• **EXERCISE DATA**
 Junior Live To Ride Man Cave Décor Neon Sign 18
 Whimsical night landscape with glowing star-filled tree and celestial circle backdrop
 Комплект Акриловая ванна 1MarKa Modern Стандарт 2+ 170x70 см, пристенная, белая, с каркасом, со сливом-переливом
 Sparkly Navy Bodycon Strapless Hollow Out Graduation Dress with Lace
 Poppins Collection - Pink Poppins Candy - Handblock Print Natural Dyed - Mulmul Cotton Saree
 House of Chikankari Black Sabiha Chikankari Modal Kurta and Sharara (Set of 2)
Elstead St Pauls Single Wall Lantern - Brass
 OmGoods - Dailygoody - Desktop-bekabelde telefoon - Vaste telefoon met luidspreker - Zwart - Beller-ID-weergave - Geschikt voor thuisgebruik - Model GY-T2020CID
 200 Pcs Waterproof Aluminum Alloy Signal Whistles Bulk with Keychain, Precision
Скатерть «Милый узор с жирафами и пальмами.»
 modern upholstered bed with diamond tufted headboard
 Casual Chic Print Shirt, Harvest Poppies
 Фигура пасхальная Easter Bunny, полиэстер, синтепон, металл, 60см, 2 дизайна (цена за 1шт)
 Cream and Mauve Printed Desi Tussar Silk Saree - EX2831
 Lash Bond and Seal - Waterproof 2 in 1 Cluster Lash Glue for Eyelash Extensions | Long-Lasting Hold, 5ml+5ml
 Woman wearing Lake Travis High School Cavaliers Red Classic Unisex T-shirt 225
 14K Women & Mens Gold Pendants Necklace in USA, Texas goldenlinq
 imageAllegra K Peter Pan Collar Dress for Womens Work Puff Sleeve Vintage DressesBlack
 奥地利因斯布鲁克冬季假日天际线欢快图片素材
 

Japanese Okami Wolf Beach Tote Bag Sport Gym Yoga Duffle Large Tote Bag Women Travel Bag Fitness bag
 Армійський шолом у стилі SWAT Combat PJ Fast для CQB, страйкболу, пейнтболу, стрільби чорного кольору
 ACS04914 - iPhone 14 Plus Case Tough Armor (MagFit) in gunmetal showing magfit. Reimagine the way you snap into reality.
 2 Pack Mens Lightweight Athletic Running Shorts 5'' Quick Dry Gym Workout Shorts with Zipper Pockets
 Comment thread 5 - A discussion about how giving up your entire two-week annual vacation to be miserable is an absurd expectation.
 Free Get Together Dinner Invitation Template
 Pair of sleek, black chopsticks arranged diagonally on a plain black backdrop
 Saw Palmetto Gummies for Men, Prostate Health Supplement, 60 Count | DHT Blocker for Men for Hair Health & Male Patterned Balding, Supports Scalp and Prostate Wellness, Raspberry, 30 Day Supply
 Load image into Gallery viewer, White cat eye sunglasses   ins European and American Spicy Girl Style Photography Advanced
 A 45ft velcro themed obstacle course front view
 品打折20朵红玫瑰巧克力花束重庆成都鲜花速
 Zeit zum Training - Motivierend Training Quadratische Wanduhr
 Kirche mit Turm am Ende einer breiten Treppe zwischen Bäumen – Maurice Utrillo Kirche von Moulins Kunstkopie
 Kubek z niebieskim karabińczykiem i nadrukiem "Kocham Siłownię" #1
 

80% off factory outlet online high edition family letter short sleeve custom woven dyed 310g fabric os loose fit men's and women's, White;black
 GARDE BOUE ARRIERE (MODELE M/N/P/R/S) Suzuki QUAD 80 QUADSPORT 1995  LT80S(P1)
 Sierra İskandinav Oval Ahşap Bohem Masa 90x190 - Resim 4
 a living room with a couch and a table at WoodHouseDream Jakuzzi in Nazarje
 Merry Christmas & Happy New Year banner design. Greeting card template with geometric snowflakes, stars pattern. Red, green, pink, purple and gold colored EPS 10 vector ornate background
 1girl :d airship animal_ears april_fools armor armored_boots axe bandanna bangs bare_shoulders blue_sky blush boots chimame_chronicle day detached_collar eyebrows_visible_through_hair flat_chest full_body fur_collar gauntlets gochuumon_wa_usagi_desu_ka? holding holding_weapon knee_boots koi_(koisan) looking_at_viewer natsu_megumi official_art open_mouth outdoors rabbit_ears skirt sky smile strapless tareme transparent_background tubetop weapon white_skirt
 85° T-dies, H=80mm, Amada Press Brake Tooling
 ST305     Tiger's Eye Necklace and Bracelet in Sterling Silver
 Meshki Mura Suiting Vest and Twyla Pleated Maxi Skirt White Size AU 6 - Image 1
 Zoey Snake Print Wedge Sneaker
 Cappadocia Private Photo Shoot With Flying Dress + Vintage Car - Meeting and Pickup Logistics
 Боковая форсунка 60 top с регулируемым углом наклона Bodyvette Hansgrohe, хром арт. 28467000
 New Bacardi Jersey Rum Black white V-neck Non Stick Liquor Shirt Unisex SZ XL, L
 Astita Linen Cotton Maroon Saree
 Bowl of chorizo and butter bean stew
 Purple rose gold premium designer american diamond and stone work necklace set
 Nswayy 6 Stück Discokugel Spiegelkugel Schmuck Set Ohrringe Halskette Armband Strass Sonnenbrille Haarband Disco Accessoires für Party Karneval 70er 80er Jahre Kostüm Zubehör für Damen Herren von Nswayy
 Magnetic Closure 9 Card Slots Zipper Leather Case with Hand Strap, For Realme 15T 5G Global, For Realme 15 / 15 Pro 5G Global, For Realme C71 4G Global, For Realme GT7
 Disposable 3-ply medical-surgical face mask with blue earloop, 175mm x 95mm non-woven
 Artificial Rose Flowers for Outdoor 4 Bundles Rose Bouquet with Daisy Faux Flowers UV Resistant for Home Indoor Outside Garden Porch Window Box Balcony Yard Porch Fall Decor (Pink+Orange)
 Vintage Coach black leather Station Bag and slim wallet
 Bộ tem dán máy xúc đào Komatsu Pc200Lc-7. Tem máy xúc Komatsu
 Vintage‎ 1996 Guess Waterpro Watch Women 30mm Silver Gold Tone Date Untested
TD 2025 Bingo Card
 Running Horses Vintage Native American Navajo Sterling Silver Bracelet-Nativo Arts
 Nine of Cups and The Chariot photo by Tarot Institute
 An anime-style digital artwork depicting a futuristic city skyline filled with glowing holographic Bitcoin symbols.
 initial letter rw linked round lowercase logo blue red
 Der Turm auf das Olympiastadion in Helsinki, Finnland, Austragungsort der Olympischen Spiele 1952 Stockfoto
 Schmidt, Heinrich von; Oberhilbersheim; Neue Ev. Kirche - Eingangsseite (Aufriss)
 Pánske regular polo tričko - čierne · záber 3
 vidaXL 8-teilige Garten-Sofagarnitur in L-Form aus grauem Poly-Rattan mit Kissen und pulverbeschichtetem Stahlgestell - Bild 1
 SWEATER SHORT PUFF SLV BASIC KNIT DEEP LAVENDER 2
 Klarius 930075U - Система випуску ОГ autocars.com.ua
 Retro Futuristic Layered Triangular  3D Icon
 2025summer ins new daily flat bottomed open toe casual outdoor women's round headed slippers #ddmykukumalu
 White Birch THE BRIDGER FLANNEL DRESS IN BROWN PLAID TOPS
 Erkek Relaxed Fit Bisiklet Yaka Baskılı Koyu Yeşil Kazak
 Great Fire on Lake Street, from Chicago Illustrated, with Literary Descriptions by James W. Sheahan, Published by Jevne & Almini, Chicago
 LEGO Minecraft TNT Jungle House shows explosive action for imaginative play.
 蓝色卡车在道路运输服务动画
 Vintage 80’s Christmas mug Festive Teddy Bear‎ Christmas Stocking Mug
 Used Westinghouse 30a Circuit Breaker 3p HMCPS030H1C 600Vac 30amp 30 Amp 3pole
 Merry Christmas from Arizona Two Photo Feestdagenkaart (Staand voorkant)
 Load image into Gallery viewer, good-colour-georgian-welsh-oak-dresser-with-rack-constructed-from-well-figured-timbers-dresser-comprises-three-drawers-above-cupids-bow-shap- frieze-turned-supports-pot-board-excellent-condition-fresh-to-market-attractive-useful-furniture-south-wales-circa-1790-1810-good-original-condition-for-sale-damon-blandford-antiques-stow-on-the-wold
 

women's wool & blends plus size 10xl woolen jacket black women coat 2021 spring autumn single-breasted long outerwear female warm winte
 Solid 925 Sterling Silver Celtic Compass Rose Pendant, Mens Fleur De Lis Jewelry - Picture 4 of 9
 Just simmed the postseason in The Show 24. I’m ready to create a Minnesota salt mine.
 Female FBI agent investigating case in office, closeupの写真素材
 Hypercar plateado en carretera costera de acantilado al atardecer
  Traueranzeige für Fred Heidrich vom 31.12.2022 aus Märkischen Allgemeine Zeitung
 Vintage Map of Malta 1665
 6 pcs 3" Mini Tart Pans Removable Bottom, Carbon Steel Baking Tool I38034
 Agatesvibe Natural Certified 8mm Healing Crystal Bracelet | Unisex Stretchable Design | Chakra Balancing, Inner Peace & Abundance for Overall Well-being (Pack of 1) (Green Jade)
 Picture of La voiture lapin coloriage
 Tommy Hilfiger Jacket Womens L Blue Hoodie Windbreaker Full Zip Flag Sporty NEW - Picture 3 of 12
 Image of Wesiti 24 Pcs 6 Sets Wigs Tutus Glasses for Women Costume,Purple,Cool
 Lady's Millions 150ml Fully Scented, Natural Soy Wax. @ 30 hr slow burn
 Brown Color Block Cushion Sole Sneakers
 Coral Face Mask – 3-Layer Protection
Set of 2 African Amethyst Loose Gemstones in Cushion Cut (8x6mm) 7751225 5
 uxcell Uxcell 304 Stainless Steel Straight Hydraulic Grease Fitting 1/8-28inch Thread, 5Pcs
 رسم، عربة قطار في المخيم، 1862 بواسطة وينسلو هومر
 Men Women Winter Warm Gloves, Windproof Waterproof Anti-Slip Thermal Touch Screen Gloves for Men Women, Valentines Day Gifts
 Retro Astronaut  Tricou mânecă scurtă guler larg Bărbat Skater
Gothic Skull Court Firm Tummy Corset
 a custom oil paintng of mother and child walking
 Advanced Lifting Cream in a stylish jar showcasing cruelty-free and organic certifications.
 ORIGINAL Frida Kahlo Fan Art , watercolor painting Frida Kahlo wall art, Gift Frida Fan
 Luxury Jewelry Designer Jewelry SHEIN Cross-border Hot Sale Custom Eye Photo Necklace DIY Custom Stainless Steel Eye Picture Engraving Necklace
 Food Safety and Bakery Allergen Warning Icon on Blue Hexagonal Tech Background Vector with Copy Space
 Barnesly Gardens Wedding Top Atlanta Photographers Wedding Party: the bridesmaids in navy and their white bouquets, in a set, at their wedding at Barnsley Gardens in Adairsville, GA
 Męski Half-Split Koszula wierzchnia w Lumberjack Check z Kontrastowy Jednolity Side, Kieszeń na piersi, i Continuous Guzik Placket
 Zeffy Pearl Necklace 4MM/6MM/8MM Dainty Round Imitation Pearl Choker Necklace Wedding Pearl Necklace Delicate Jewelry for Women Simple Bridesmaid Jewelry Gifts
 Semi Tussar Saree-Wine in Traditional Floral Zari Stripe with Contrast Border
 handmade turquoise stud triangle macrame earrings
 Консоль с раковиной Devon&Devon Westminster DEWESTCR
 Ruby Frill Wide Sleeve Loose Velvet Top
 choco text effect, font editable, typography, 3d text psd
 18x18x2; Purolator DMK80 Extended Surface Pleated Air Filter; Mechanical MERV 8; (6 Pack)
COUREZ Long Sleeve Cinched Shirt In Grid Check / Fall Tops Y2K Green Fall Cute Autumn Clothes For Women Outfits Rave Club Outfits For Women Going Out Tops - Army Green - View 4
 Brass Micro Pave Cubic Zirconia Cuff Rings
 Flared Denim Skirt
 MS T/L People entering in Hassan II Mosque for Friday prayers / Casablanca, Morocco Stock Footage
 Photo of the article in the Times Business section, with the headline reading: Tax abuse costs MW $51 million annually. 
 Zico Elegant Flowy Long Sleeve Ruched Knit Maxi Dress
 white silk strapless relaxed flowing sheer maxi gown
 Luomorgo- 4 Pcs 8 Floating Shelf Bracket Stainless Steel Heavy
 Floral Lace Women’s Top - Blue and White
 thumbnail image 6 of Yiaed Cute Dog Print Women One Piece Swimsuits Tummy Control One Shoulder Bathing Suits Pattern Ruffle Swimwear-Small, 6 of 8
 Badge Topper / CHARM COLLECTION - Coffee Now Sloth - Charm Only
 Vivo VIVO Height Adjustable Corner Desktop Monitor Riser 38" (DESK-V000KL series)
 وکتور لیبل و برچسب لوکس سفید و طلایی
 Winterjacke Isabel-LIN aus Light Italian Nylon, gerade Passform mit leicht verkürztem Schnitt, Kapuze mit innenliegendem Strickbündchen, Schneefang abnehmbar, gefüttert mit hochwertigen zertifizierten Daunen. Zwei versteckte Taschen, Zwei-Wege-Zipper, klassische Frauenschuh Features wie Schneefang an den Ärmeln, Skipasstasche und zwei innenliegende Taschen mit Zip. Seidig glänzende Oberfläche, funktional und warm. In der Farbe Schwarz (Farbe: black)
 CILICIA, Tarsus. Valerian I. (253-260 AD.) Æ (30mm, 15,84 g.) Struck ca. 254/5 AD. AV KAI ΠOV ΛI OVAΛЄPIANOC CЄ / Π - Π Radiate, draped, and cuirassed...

• **GOAL OF THE EXERCISE**
When you reach the line with "Schmidt, Heinrich von;" in the records above, start writing out lines exactly, and stop once the line with "Solid 925 Sterling" has been written; include nothing else.

• **THE COMPLETED TASK**
 Schmidt, Heinrich von; Oberhilbersheim; Neue Ev. Kirche - Eingangsseite (Aufriss)
 Pánske regular polo tričko - čierne · záber 3
 vidaXL 8-teilige Garten-Sofagarnitur in L-Form aus grauem Poly-Rattan mit Kissen und pulverbeschichtetem Stahlgestell - Bild 1
 SWEATER SHORT PUFF SLV BASIC KNIT DEEP LAVENDER 2
 Klarius 930075U - Система випуску ОГ autocars.com.ua
 Retro Futuristic Layered Triangular  3D Icon
 2025summer ins new daily flat bottomed open toe casual outdoor women's round headed slippers #ddmykukumalu
 White Birch THE BRIDGER FLANNEL DRESS IN BROWN PLAID TOPS
 Erkek Relaxed Fit Bisiklet Yaka Baskılı Koyu Yeşil Kazak
 Great Fire on Lake Street, from Chicago Illustrated, with Literary Descriptions by James W. Sheahan, Published by Jevne & Almini, Chicago
 LEGO Minecraft TNT Jungle House shows explosive action for imaginative play.
 蓝色卡车在道路运输服务动画
 Vintage 80’s Christmas mug Festive Teddy Bear‎ Christmas Stocking Mug
 Used Westinghouse 30a Circuit Breaker 3p HMCPS030H1C 600Vac 30amp 30 Amp 3pole
 Merry Christmas from Arizona Two Photo Feestdagenkaart (Staand voorkant)
 Load image into Gallery viewer, good-colour-georgian-welsh-oak-dresser-with-rack-constructed-from-well-figured-timbers-dresser-comprises-three-drawers-above-cupids-bow-shap- frieze-turned-supports-pot-board-excellent-condition-fresh-to-market-attractive-useful-furniture-south-wales-circa-1790-1810-good-original-condition-for-sale-damon-blandford-antiques-stow-on-the-wold
 

women's wool & blends plus size 10xl woolen jacket black women coat 2021 spring autumn single-breasted long outerwear female warm winte
 Solid 925 Sterling Silver Celtic Compass Rose Pendant, Mens Fleur De Lis Jewelry - Picture 4 of 9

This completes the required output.